CLI Application¶
Installation¶
$ brew install yutanagano/tap/symscan-cli
You can also directly download precompiled binaries from the project releases page.
Usage¶
Tip
You can also view symscan’s inline help text with symscan --help.
Give symscan a list of strings, and it will tell you which ones are similar. By default, it will detect which strings are within one (Levenshtein) edit distance away from one another. Symscan reads its standard input stream and considers each line (delineated by newline characters) a separate string. A minimal example is below:
$ echo $'fizz\nfuzz\nbuzz\nfizzy' | symscan
1,2,1
1,4,1
2,3,1
As you can see, symscan outputs its result in plaintext to standard output. Each line in its output corresponds to a pair of similar strings that is detected. The first two numbers in each line is the (1-indexed) line numbers corresponding to the two similar input strings. The third and final number is the number of edits separating the two strings.
Options¶
To look for string pairs that are at most <k> edits away from each other,
pass the option -d <k>:
$ echo $'fizz\nfuzz\nbuzz\nfizzy' | symscan -d 2
1,2,1
1,3,2
1,4,1
2,3,1
2,4,2
If you want the output to have 0-indexed line numbers as opposed to 1-indexed,
pass the option -z:
$ echo $'fizz\nfuzz\nbuzz' | symscan -d 2 -z
0,1,1
0,2,2
0,3,1
1,2,1
1,3,2
If you want to limit your neighbor search to only allow substitutions, you can
set the --hamming option. Note that in this case, input strings with
different character lengths will never be considered neighbors.

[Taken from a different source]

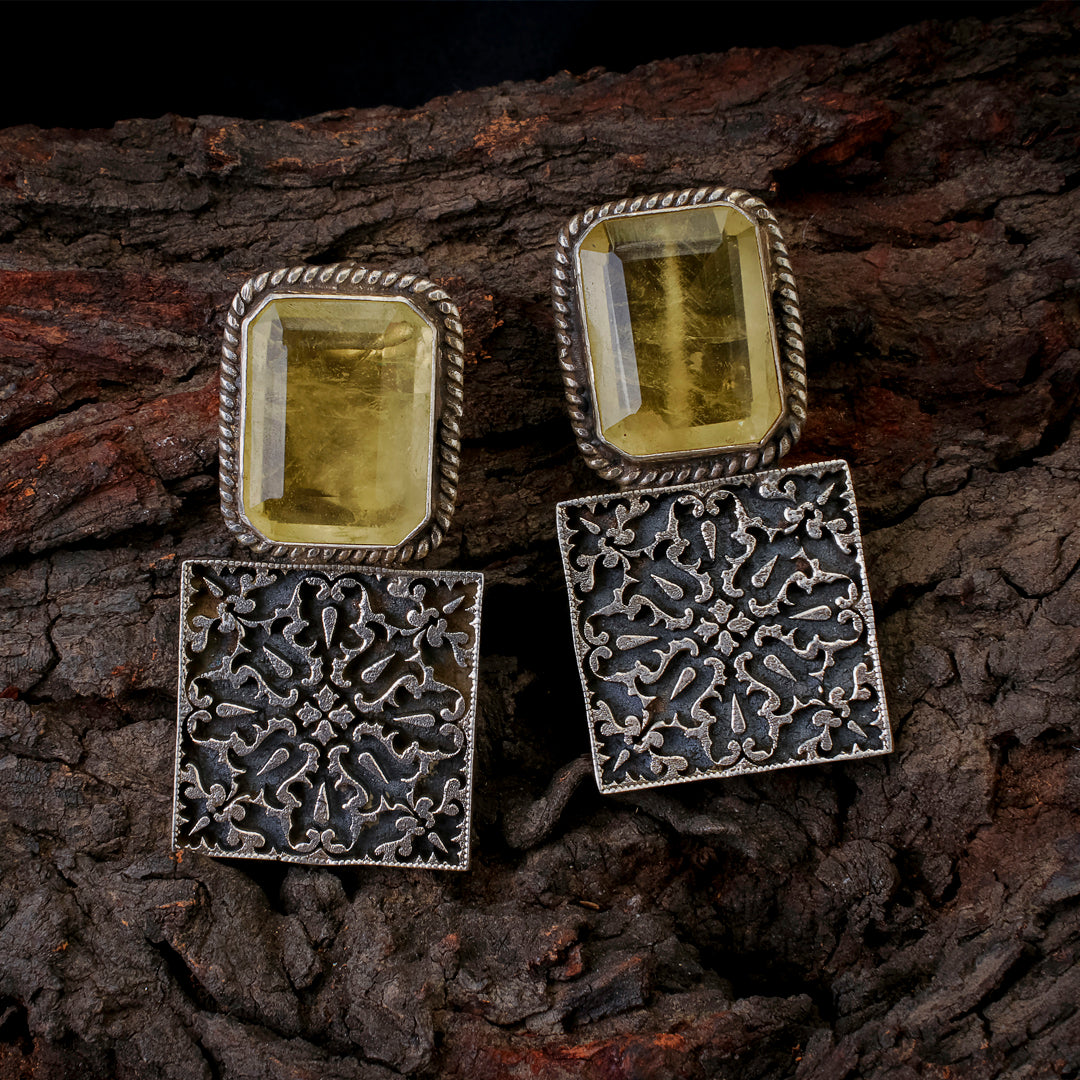 Antique Yellow Topaz & Oxidized Silver Filigree Earrings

$ echo $'fizz\nfuzz\nbuzz' | symscan -d 2 -z --hamming
0,1,1
0,2,2
1,2,1
Read from and write to files¶
To read input from input.txt and write to output.txt:
$ symscan input.txt > output.txt
or
$ < input.txt symscan > output.txt
or
$ cat input.txt | symscan > output.txt
Look for pairs across two string sets¶
To look strictly for strings in set_a.txt that are similar to strings in
set_b.txt (ignores pairs within sets):
$ symscan set_a.txt set_b.txt > output.txt